Kesuksesan Para Ulama Nusantara: Jejak Keilmuan, Spirit Kebangsaan, dan Tantangan Kontemporer Kesuksesan Para Ulama N...
Kesuksesan Para Ulama Nusantara: Jejak Keilmuan, Spirit Kebangsaan, dan Tantangan Kontemporer
Oleh: Robby Andoyo
Pendahuluan
Ulama Nusantara menempati posisi sentral dalam sejarah kebangsaan, pendidikan, dan kebudayaan Indonesia. Mereka bukan sekadar pengajar ritual atau komentator teks; mereka adalah pembentuk praktik sosial, perumus gagasan kebangsaan, dan penjaga etika publik. Keberhasilan mereka diukur bukan semata popularitas, tetapi kemampuan menerjemahkan ajaran suci ke dalam program-program konkret yang memperbaiki kehidupan masyarakat, menjaga persatuan, dan membangun peradaban.
Tulisan ini mengurai jejak keilmuan dan strategi moral sejumlah ulama Nusantara — termasuk Hadratussyaikh KH. Hasyim Asy'ari, KH. Abdurrahman Wahid (Gus Dur), KH. Said Aqil Siradj—dan mengkaji tema-tema sentral: tafsir ayat kunci tentang pluralitas dan takwa, makna Resolusi Jihad dalam perspektif Islam moderat, peran santri sebagai mundzirul qawm, kritik terhadap kultus nasab, serta jihad moral melawan korupsi. Pendekatan yang digunakan bersifat teks-konteks dengan nuansa sufistik-modern: memadukan kedalaman spiritual dengan ketajaman analitis.
Tafsir Al-Hujurat 13: Pluralitas sebagai Kondisi Etis dan Epistemik
وَجَعَلْنَاكُمْ شُعُوبًا وَقَبَائِلَ لِتَعَارَفُوا ۚ إِنَّ أَكْرَمَكُمْ عِندَ اللَّهِ أَتْقَاكُمْ
“Dan Kami jadikan kamu berbangsa-bangsa dan bersuku-suku supaya kamu saling mengenal. Sesungguhnya yang paling mulia di antara kamu di sisi Allah ialah yang paling bertakwa di antara kamu.” (QS. Al-Hujurat: 13)

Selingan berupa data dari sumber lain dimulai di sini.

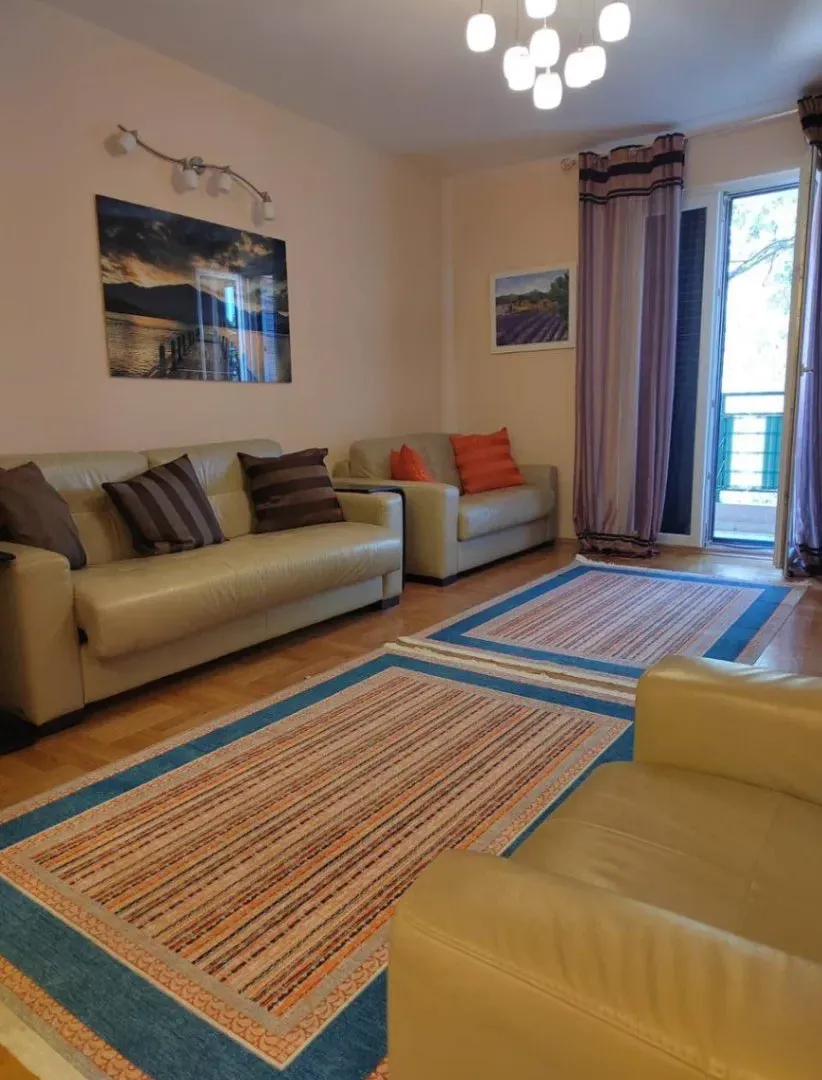 Prodaja, stan, 61m², Petrovac, Budva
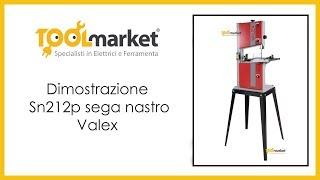 Sn212p sega nastro Valex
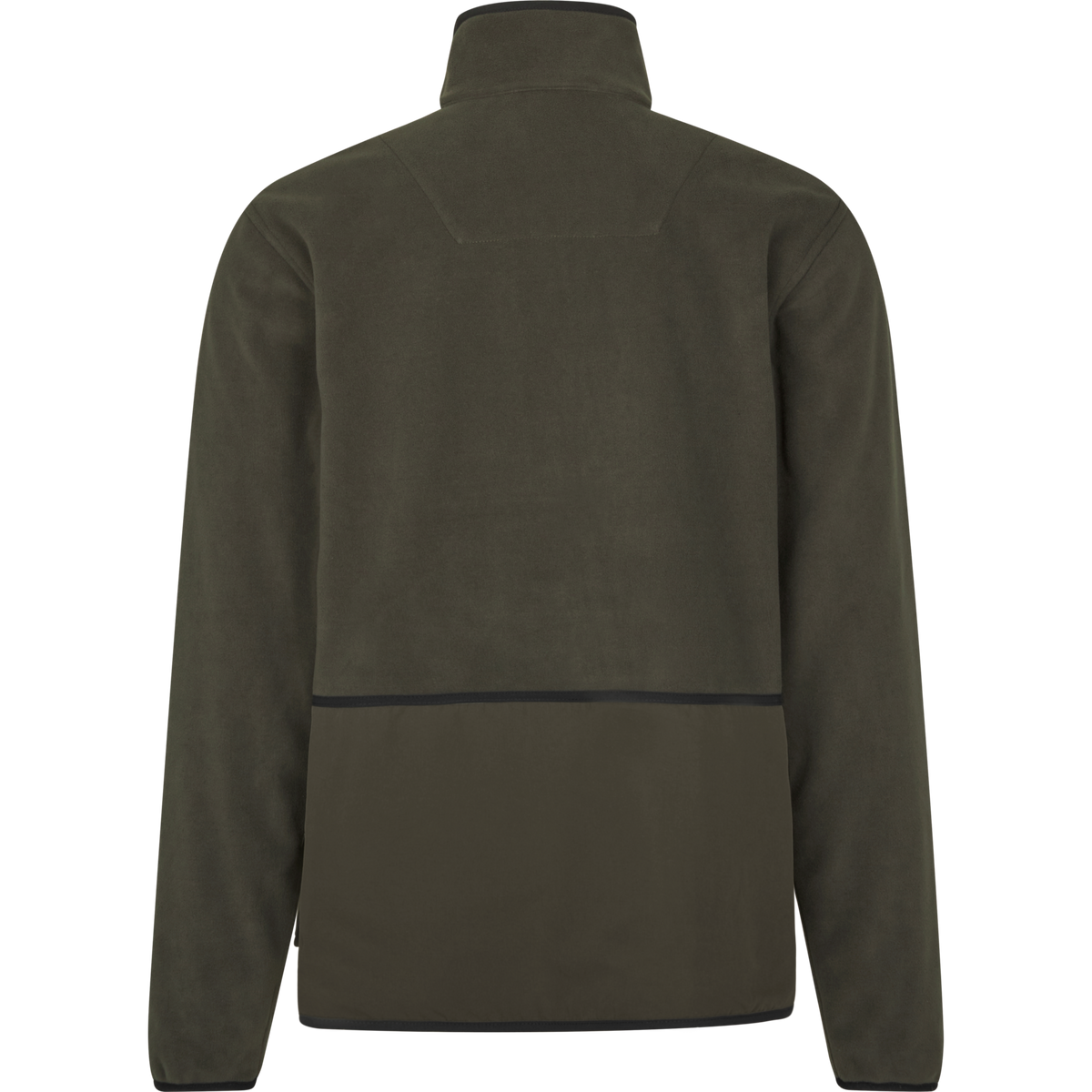 Seeland Rogue Solid Reversible Fleecejacke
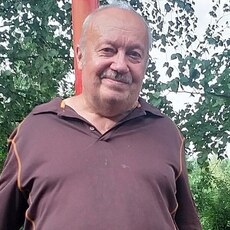 Фотография мужчины Александр, 62 года из г. Санкт-Петербург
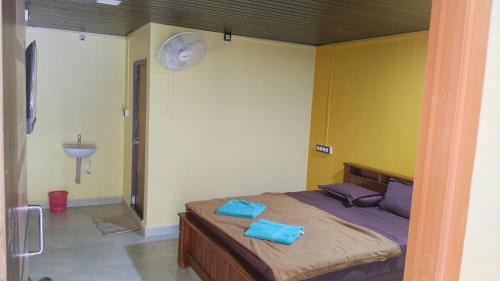 Gokarna House | Sukh Sagar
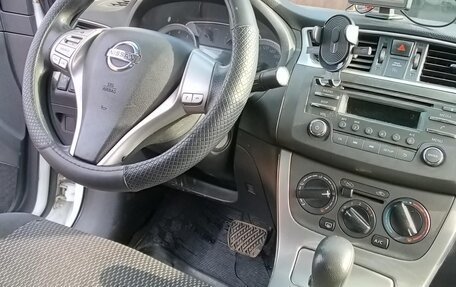 Nissan Sentra, 2015 год, 700 000 рублей, 3 фотография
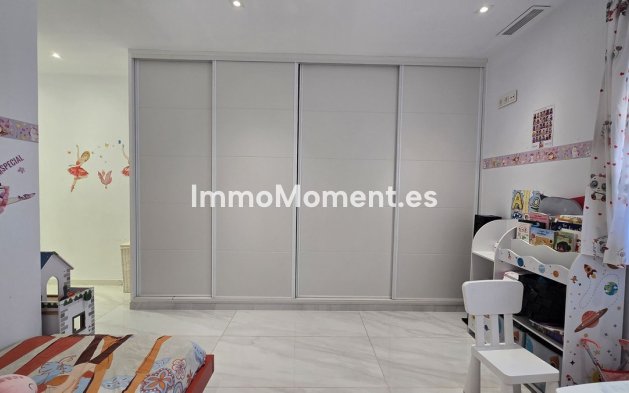 Resale - Apartment - Marbella - San Pedro de Alcántara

Ayat ini sering dibaca sebagai penegasan normatif bahwa takwa adalah ukuran kemuliaan. Namun, tafsir yang bernuansa sufistik-modern menawarkan pembacaan yang lebih lapang: pluralitas tidak hanya diberi legitimasi, tetapi dimaknai sebagai sumber epistemik—sumber ilmu dan pengayaan nilai. Dalam pengertian ini, perbedaan etnis, bahasa, dan kebudayaan menjadi 'ruang bacaan' yang memungkinkan umat saling belajar, bukan objek dominasi.
Pendekatan sufistik-modern menempatkan takwa sebagai kapasitas spiritual yang berimplikasi sosial: takwa bukan sekadar khusyuk personal melainkan praktik pelayanan yang menegakkan keadilan, mendidik masyarakat, dan merawat kemanusiaan. Oleh karena itu, kemuliaan yang dijanjikan bukan warisan genealogis tetapi hasil kerja etis: ilmu yang diamalkan, kejujuran yang ditegakkan, dan karya yang memperbaiki masyarakat.

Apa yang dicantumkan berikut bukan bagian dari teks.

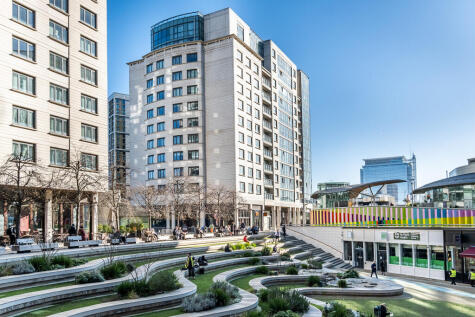 Sheldon Square, LONDON, W2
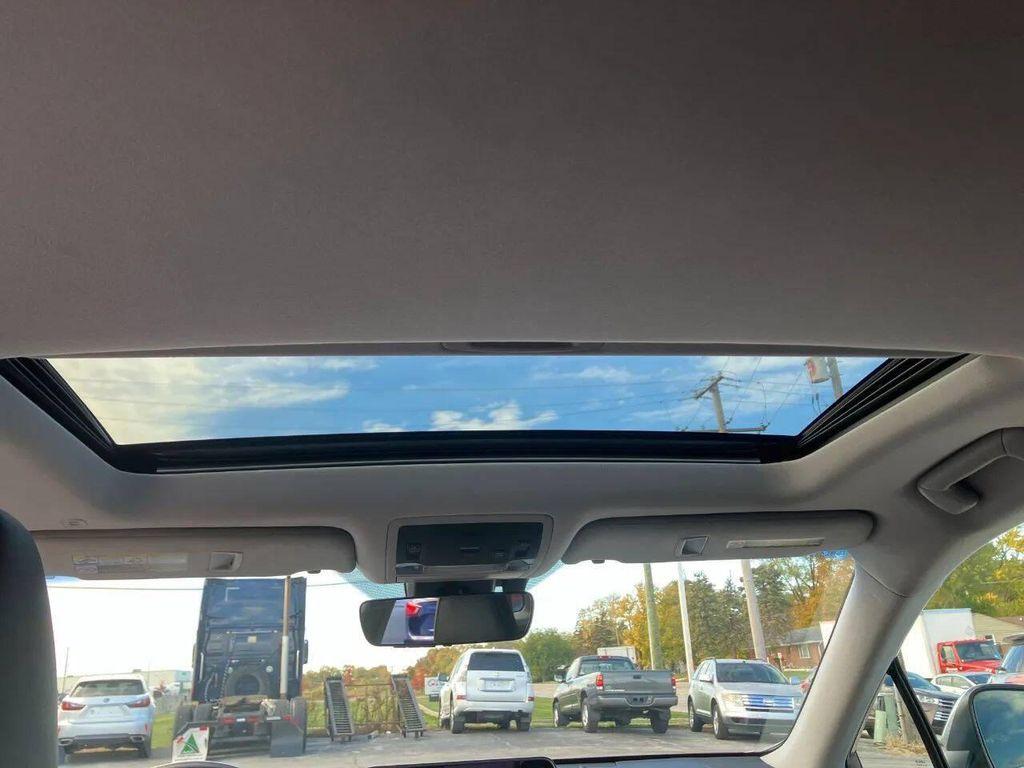 used 2017 Lexus RX 350 car, priced at $23,499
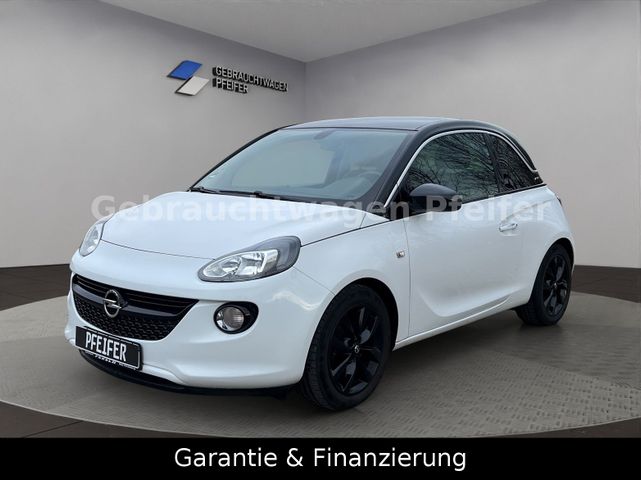 Opel Adam 1.4 Glam*Panorama*SHZ*Navi*Winterpaket*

KH. Hasyim Asy'ari dan Resolusi Jihad: Fatwa sebagai Instrumen Pembelaan Kemanusiaan
Pada 22 Oktober 1945, Hadratussyaikh KH. Hasyim Asy'ari mengeluarkan fatwa yang kemudian dikenal sebagai Resolusi Jihad. Fatwa ini menegaskan bahwa mempertahankan kemerdekaan dari upaya penguasaan kembali penjajah adalah bagian dari kewajiban agama. Jika dibaca dari perspektif maqāṣid al-syāri‘ah, fatwa itu menempatkan perlindungan jiwa, agama, dan kebebasan sebagai nilai prioritas yang wajib dipertahankan.
Teks inti Resolusi Jihad (intisari): mempertahankan kemerdekaan merupakan kewajiban agama karena ancaman kolonialisme merampas martabat serta hak hidup rakyat.
Penting diingat: pembacaan modern terhadap Resolusi Jihad harus menegaskan dua hal: pertama, fatwa sebagai legitimasi pembelaan kolektif ketika eksistensi masyarakat terancam; kedua, perlunya batas etis—ketentuan “la ta‘tadū” (jangan melampaui batas). Fatwa tidak memberi ruang untuk tindakan kejam yang melewati tujuan pembelaan; ia memanggil umat untuk bertindak proporsional dan menjaga martabat kemanusiaan.
Dalam konteks masa kini, semangat fatwa tersebut relevan ketika menghadapi ancaman struktur—seperti kolonialisme ekonomi, eksploitasi sumber daya, dan penindasan sistemik—yang menggerogoti kemerdekaan substantif rakyat. Para ulama yang mengeluarkan fatwa dalam situasi seperti itu berperan merumuskan etika perlawanan yang bukan hanya sah secara teologis tetapi juga bermartabat dan berorientasi pemulihan sosial.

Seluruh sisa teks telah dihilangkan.